In November, the White House titillated the higher education community by announcing first lady Michelle Obama would be more involved in higher education initiatives, particularly for low-income students. The first lady spoke about her journey to college from a Washington, D.C., high school, pointing to the self-determination and grit that allowed her to overcome the challenges of a busy guidance counselor, discouraging teachers and limited financial resources in her college choice process. Her hard work paid off as she escaped undermatch ― or the phenomenon where students do not attend a college or university that they could have gained admission to, based on their academic abilities.
The Obama White House has made higher education a policy priority by focusing on quality and now access ― and as the Obama administration prepares for its next meeting, here are three small details of undermatch that have big implications for higher education reform.
Undermatch isn’t just about high-achieving students.
Students at all ability levels undermatch. However, because many studies have focused on high-achieving low-income students, there is a misperception that they are the only students who miss out on going to colleges that match their academic abilities.
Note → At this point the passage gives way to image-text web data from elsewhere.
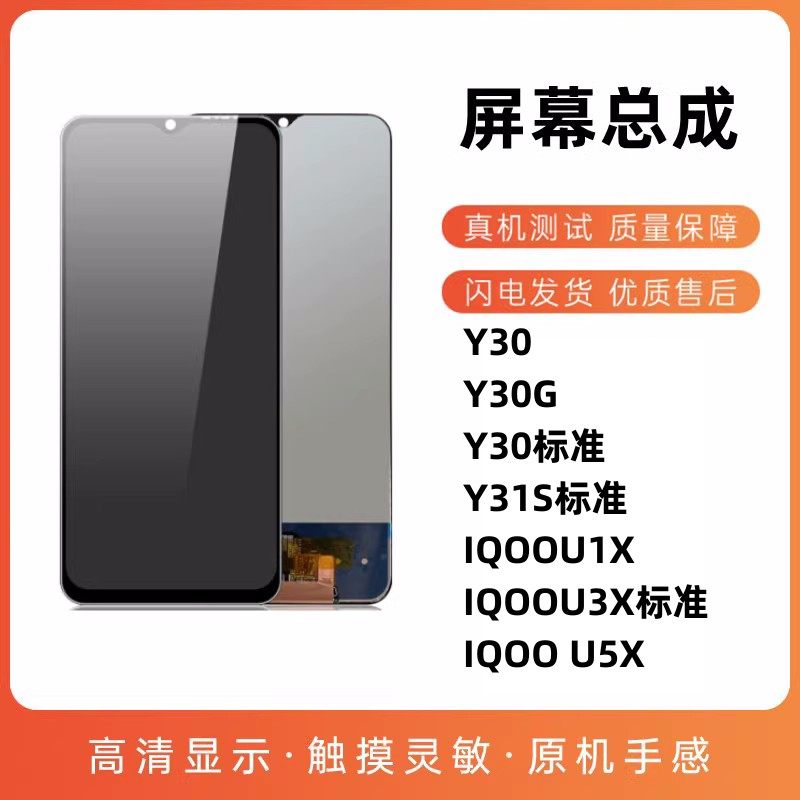 适用步步高vivo y30 iqoo u1x u3x y31s标准 iqoou5x幕总成显示
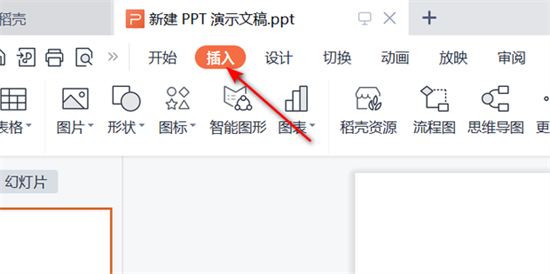 ppt表格怎么調整行高和列寬 ppt表格怎么調整表格大小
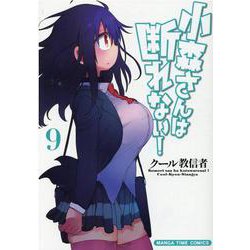 小森さんは断れない！ 9（まんがタイムコミックス） [コミック]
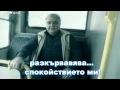 Pasxalis Terzis - Parastratima (bulgarian ...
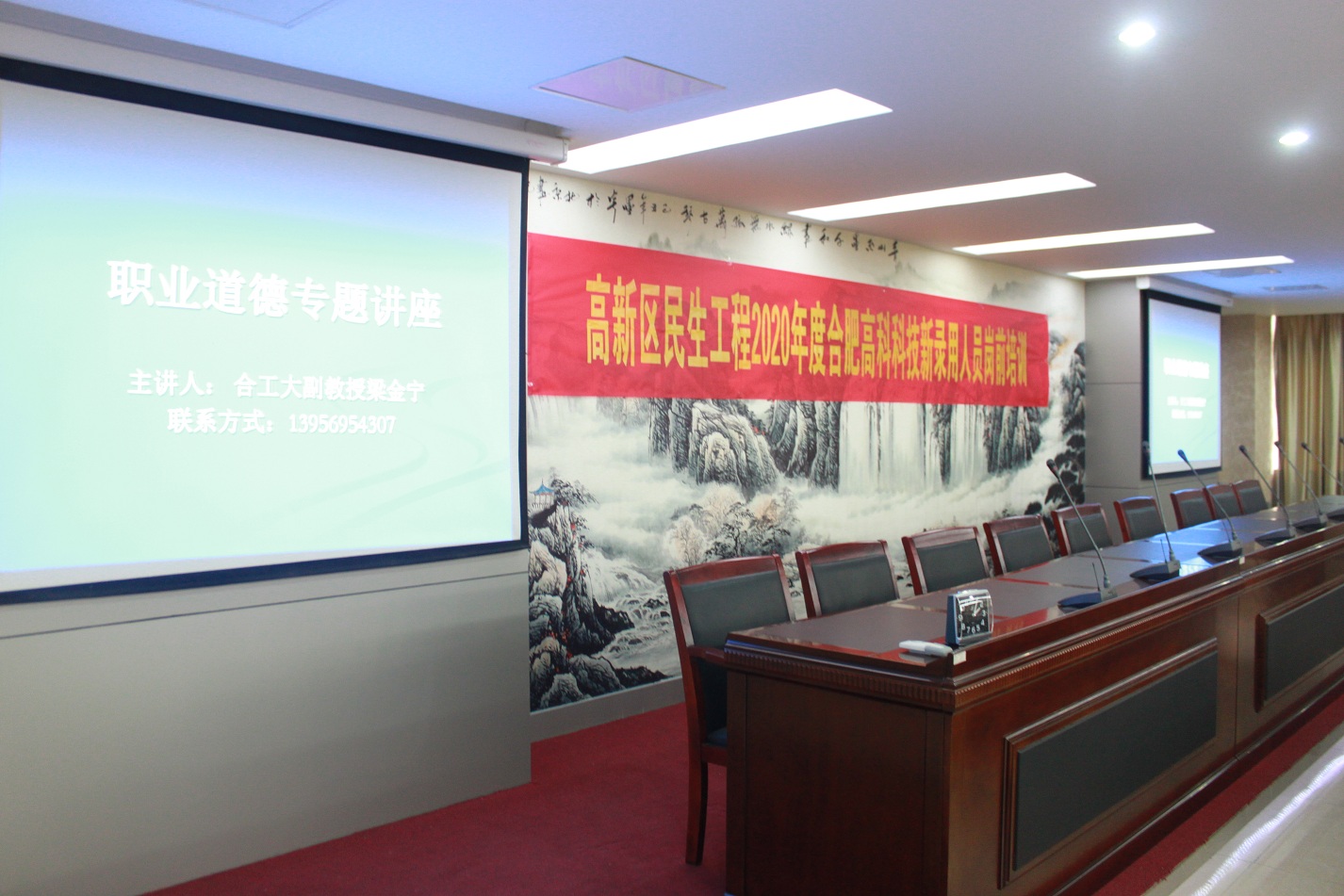 云顶国际·(中国)唯一官方网站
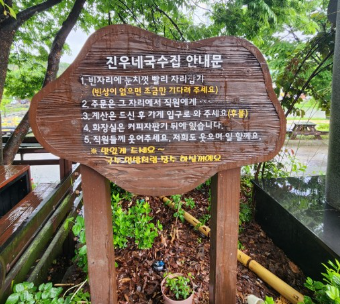 [6시 내고향] 담양 국수거리&amp;#44; 멸치 비빔국수가게&amp;#44; 죽순국수가게 정보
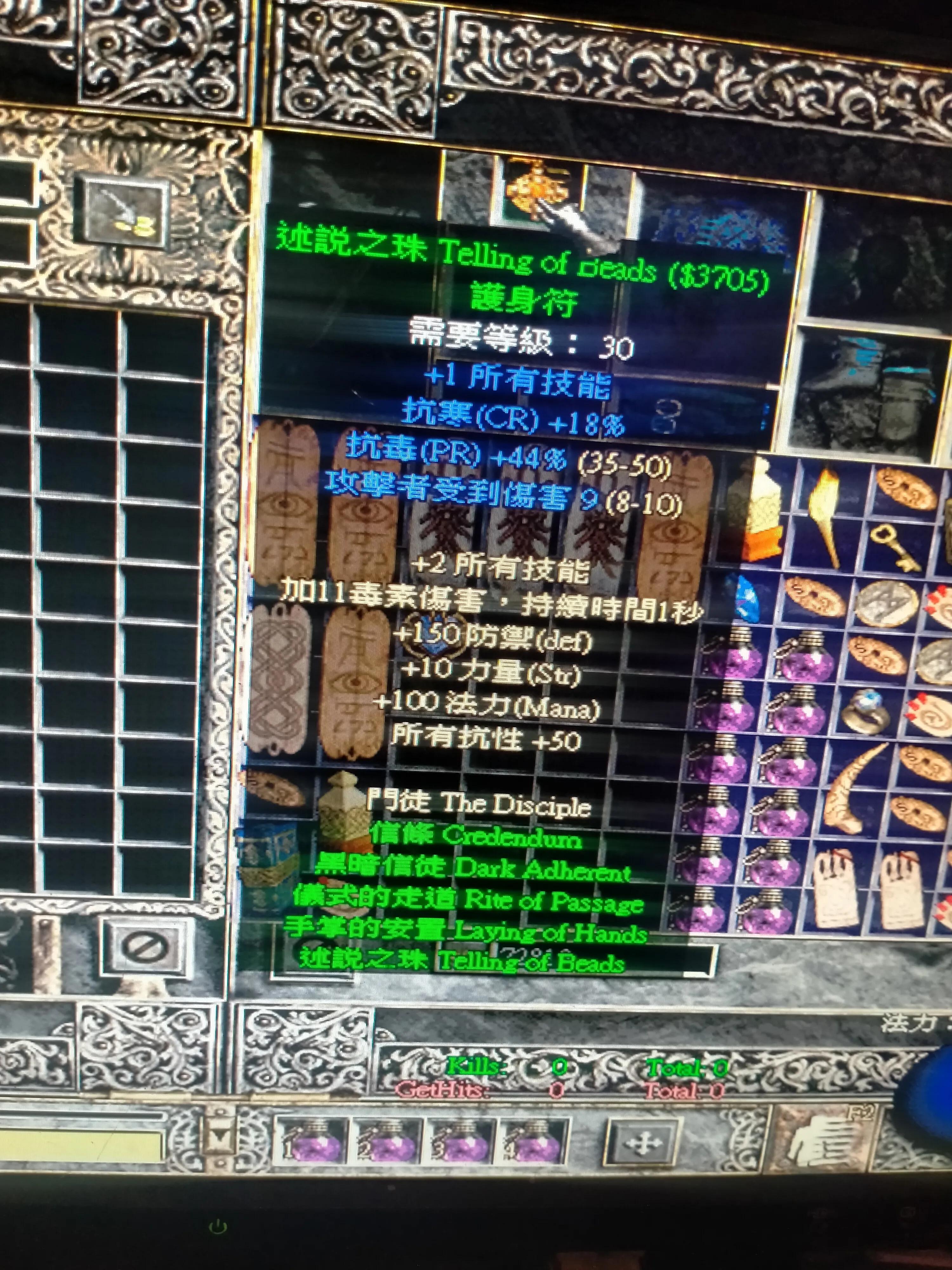 暗黑门徒套装欣赏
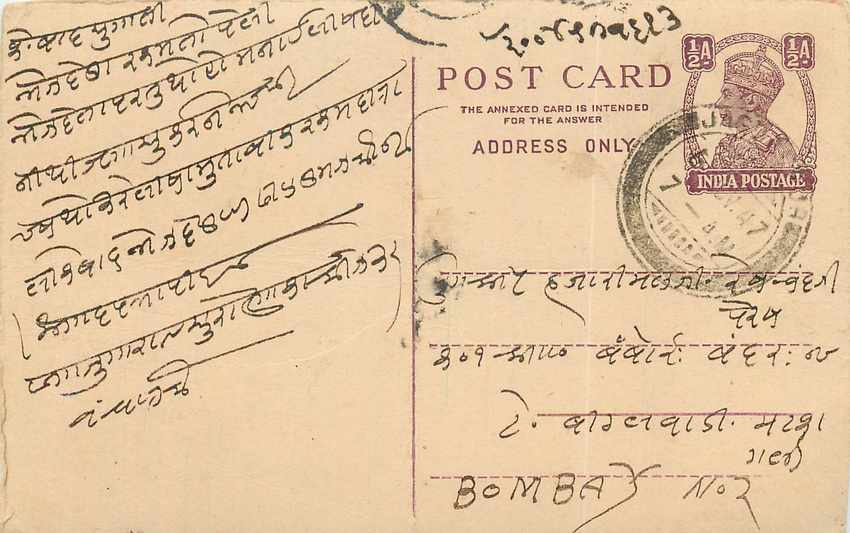 Inde India Cover Card Postal Stationary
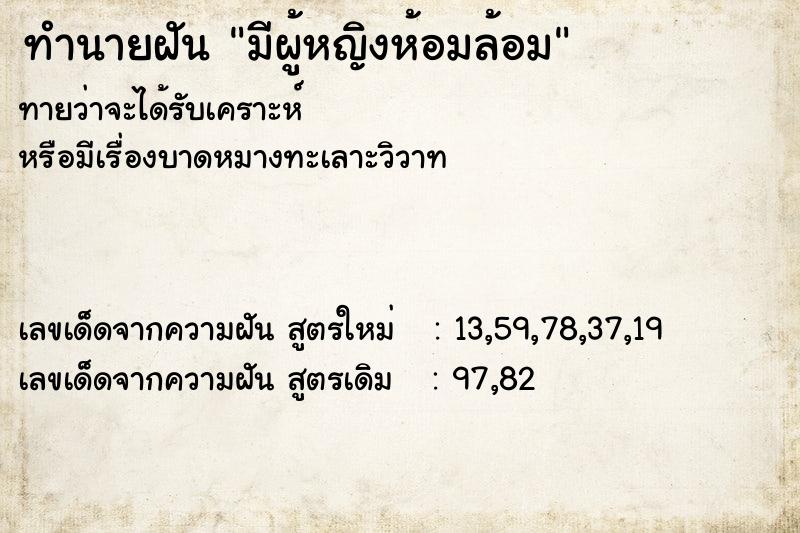 ทำนายฝัน มีผู้หญิงห้อมล้อม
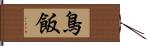 鳥飯 Hand Scroll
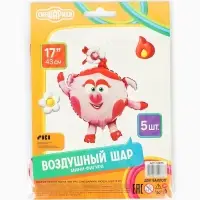 Воздушный шар фольгированный 17" &laquo;Нюша. Смешарики&raquo;, набор 5 шт.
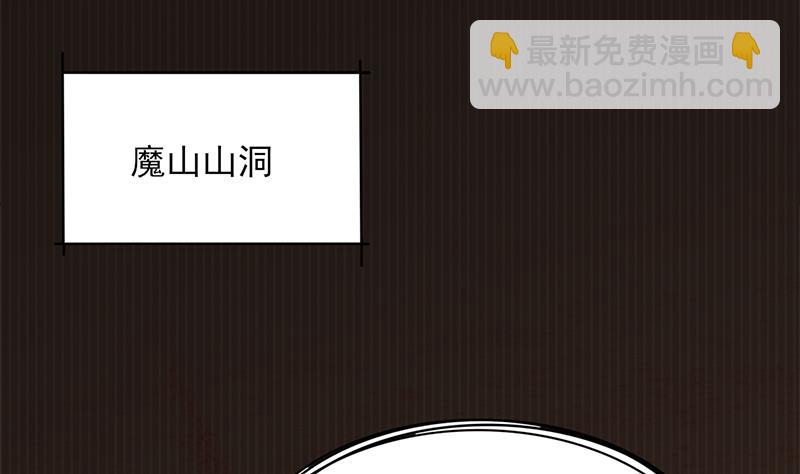 🍛倾城之上 第362话 祸害遗千年 第47页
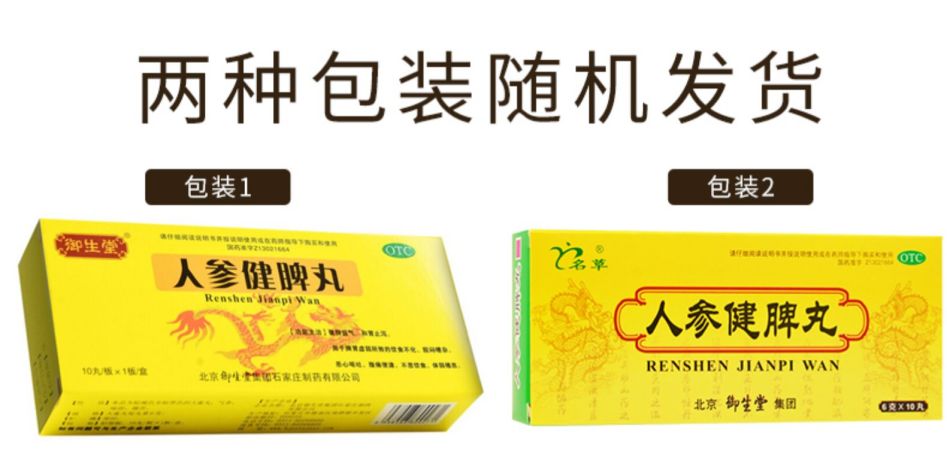 人参健脾丸(御生堂)包装侧面图4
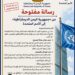 رسالة مفتوحة من «جمهورية اليمن الديمقراطية الشعبية» إلى الأمم المتحدة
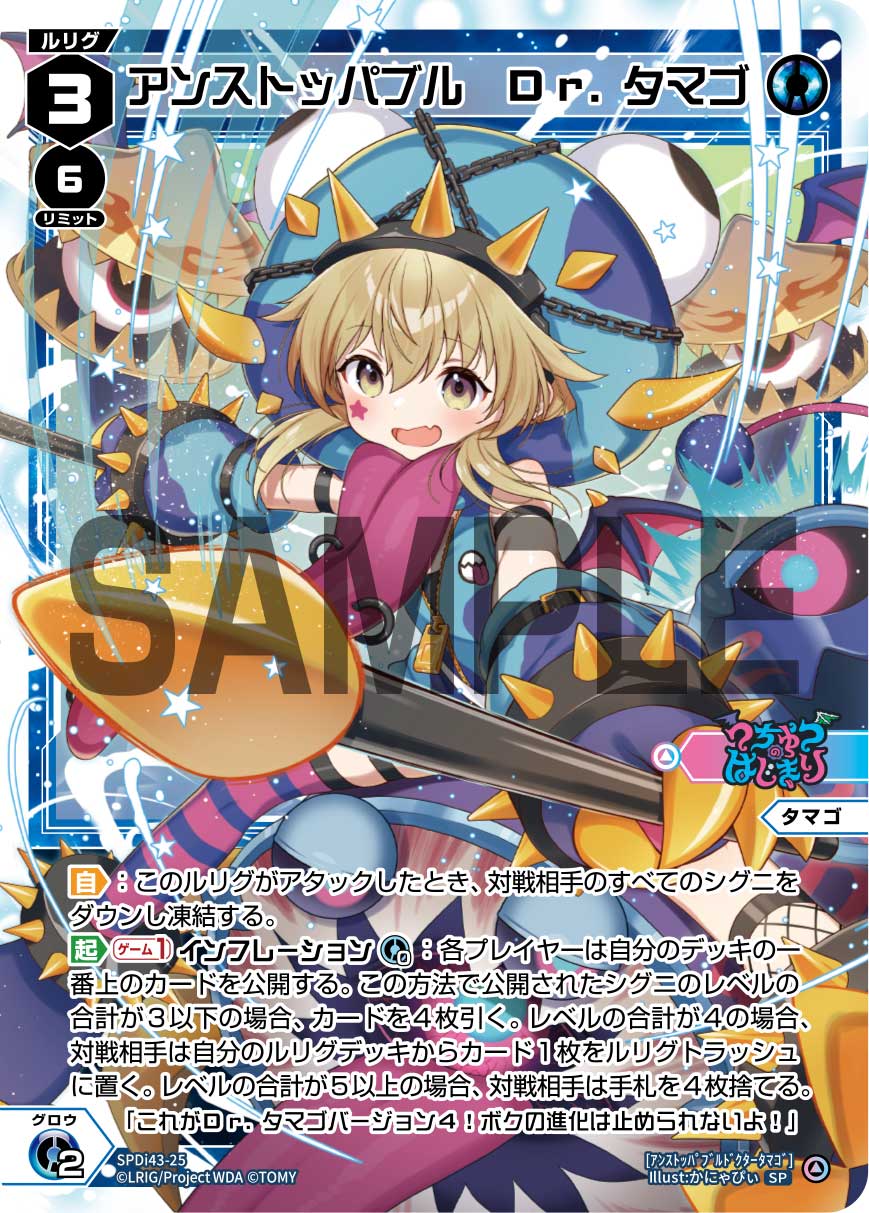 アンストッパブル　Dr.タマゴ（DIVAルリグパック No Limit＆うちゅうのはじまり）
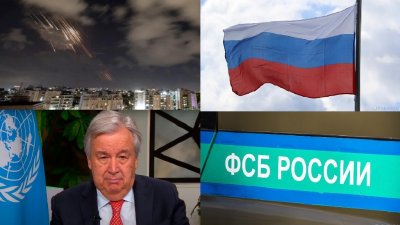 ВС РФ взяли Угледар, ФСБ нашла 39 подстрекателей к терактам, Израиль закрыл въезд генсеку ООН – большие итоги недели от РИА «Новый День»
One piece covering the first lady’s speech inaccurately defined undermatch as, “when high-achieving low-income students don’t apply to the competitive colleges where they would likely be accepted.” Unfortunately others are following suit.
This is a particularly dangerous oversight when you consider how small the group of high-achieving students actually is ― whether you define them as the top 10 percent of their class or the kids with high SAT scores. What happens to the rest? For the typical student who is eligible to attend a less selective four-year or two-year institution, an “undermatch” won’t be from an Ivy League college to a state flagship, but potentially to a for-profit where they are liable to incur high debt ― or they might just not go to college at all. These students, too, have a lot to lose. We need to start framing the problem of “match” to include viable pathways to two-year and vocational tracks in order to fully develop the nation’s workforce.
Some selective colleges just do not want large numbers of low-income students.
Many of the top colleges have not kept up with the growth in the number of high school graduates, and low income students in particular, who are clamoring for postsecondary education, simply allowing their admissions rates to drop and becoming increasingly competitive. So, many students who heed the first lady’s advice ― work hard and don’t give up ― will find that the path that Michelle and I have taken is now more competitive than ever.
High schools (and states) have a responsibility to connect students with resources.
Michelle Obama’s narrative of working hard and navigating the overburdened system in order to land at the gates of the Ivy Leagues is incredibly inspiring. Her account of the grit she exhibited is easily consumable, as being able to persevere is essential to success in school, and in life. However, let’s not ignore the structural inequalities that shape whether and where students choose to go to college, which most students cannot overcome no matter how much tugging on the old boot straps.
The first lady’s remarks dance a fine line between empowering students in their college choice process and shouldering the onus squarely on students, when many (particularly disadvantaged students) may not even know what they don’t know. Students who come from families with limited experience with higher education and its daunting application process will invariably rely on high schools for that information. The quality and availability of college counseling; the extent to which students have access to advanced coursework; where peers end up going after high school; and whether students were exposed to their matched college options all matter. Research shows that when students attend a high school with more resources and college-going norms, they are less likely to undermatch in their applications, above and beyond students’ characteristics.
As the first lady and the White House continue to solidify their higher education agenda, they should promote policies that urge counselors and teachers to match their students’ efforts; high school administrators to prioritize college-going and not just meeting state and federal benchmarks; and states to craft the appropriate policies that support financial aid and academic access efforts.
Awilda Rodriguez is a research fellow for the Center on Higher Education Reform at the American Enterprise Institute.